> [Required action]:
The answer must consist of every line in the data that contains "House".

*** Begin section ***

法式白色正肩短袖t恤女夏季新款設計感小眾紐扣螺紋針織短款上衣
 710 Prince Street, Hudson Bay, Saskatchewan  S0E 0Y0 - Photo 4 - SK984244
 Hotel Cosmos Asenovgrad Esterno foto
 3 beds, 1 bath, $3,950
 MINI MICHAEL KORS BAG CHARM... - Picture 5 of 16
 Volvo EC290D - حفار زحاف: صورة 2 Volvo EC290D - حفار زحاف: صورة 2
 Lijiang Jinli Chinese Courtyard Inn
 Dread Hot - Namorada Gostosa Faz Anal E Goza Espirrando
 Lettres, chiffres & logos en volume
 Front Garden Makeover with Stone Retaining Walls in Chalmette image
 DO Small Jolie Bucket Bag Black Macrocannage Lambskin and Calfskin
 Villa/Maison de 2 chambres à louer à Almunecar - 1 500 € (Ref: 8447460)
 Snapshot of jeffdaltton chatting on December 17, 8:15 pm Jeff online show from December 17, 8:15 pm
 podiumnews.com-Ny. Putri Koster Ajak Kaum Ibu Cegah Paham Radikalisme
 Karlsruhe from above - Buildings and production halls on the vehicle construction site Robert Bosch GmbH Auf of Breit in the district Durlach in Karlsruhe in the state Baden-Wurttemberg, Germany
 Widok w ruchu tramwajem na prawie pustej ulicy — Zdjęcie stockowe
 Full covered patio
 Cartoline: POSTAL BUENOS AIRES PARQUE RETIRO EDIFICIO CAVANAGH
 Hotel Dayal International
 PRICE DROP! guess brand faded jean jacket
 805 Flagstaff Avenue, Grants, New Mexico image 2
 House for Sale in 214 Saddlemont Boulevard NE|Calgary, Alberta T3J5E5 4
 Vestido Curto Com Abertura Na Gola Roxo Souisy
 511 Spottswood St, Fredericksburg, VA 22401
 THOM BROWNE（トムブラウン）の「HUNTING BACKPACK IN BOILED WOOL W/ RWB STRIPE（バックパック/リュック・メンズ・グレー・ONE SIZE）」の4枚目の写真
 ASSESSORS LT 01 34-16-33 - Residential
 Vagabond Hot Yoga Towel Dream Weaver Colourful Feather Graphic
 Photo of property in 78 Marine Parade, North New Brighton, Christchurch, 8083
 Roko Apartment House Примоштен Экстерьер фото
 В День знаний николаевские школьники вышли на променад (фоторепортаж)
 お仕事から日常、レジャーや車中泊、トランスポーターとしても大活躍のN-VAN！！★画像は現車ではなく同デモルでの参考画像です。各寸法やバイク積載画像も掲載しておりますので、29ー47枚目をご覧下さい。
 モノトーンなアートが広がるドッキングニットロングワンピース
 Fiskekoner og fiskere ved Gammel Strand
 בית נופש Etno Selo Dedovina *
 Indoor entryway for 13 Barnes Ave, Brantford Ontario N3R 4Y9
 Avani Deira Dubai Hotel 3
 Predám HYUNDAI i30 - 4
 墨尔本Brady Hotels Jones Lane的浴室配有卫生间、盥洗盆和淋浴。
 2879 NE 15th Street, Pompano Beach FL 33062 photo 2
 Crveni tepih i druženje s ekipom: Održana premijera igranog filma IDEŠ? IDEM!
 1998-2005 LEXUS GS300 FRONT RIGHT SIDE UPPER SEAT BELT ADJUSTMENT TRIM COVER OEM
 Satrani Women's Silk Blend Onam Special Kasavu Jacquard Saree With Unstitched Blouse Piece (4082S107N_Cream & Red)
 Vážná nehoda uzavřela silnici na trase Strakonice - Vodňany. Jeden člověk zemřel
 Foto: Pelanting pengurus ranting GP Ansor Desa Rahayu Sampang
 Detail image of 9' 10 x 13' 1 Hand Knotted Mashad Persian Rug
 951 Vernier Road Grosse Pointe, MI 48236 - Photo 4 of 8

*** End section ***

> [Exercise output]:
 House for Sale in 214 Saddlemont Boulevard NE|Calgary, Alberta T3J5E5 4
 Roko Apartment House Примоштен Экстерьер фото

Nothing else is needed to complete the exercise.